-- Recorded data follows --
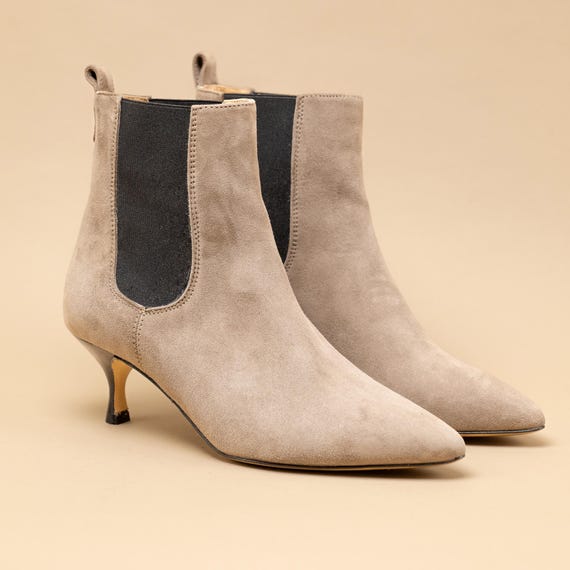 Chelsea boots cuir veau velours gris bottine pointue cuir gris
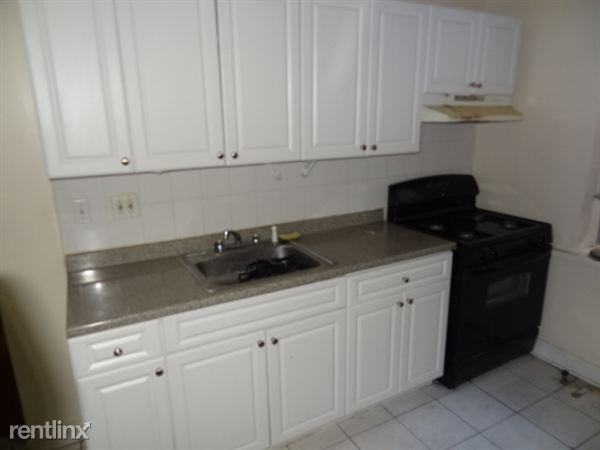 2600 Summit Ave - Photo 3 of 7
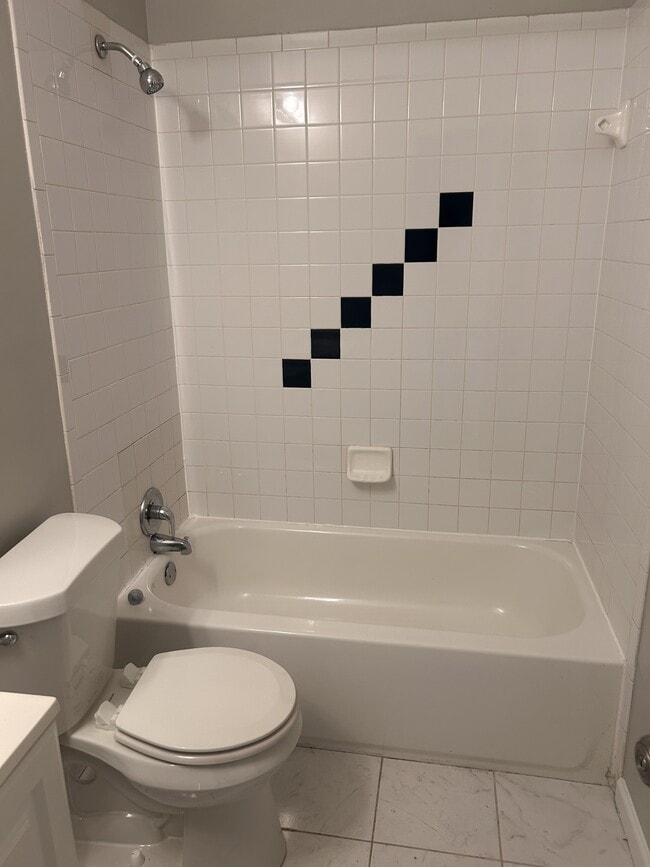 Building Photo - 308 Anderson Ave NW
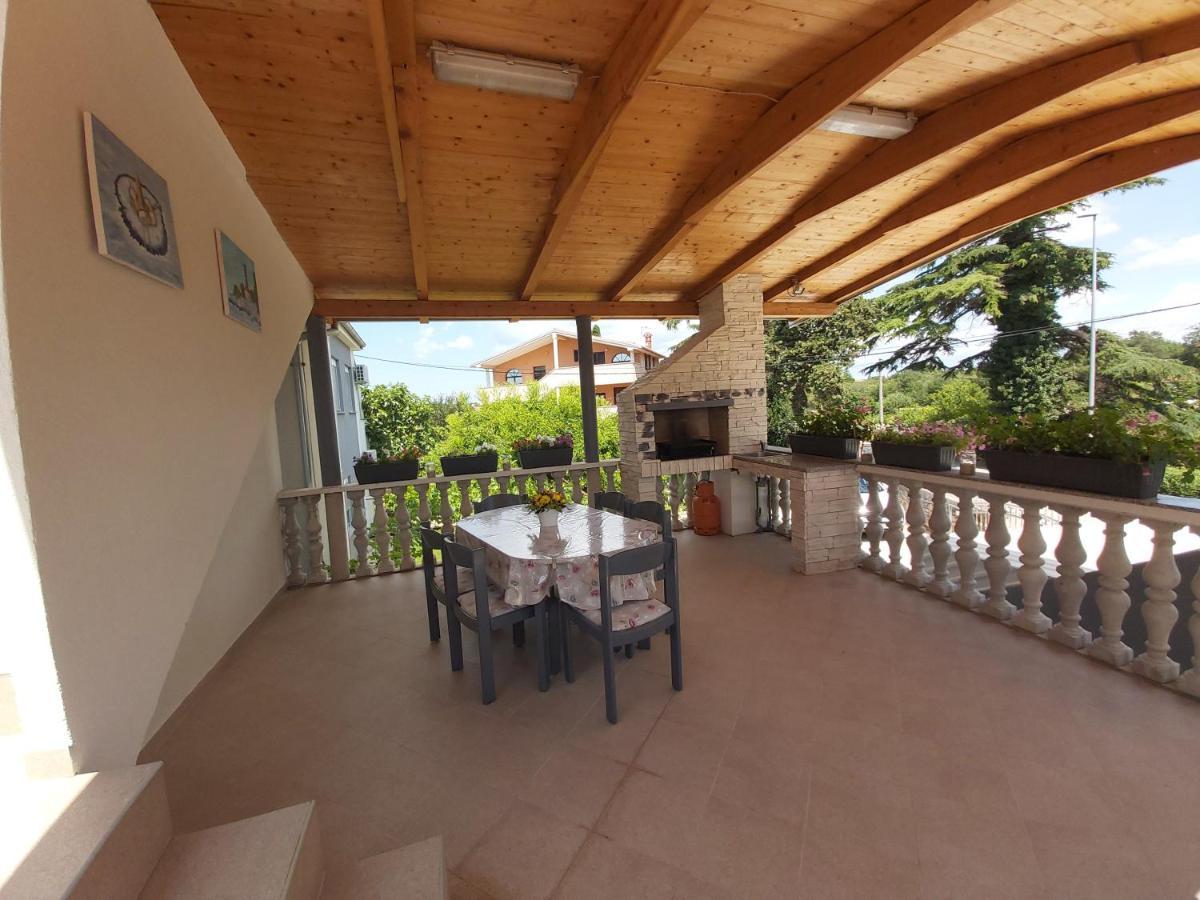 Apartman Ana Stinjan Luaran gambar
-- Recorded data concluded --
-- Recorded data follows --
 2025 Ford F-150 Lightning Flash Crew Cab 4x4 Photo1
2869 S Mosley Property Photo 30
-- Recorded data concluded --
-- Recorded data follows --
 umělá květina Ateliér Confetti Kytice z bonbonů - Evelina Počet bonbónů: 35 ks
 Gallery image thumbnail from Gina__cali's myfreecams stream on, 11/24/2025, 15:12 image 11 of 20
-- Recorded data concluded --
• Required work: From the records above, give again only the part that opens with the line containing "Chelsea boots cuir" and closes with the line containing "Apartman Ana Stinjan Luaran gambar". Keep both ends but drop the pictures.

• Exercise solution:
 Chelsea boots cuir veau velours gris bottine pointue cuir gris
 2600 Summit Ave - Photo 3 of 7
 Building Photo - 308 Anderson Ave NW
 Apartman Ana Stinjan Luaran gambar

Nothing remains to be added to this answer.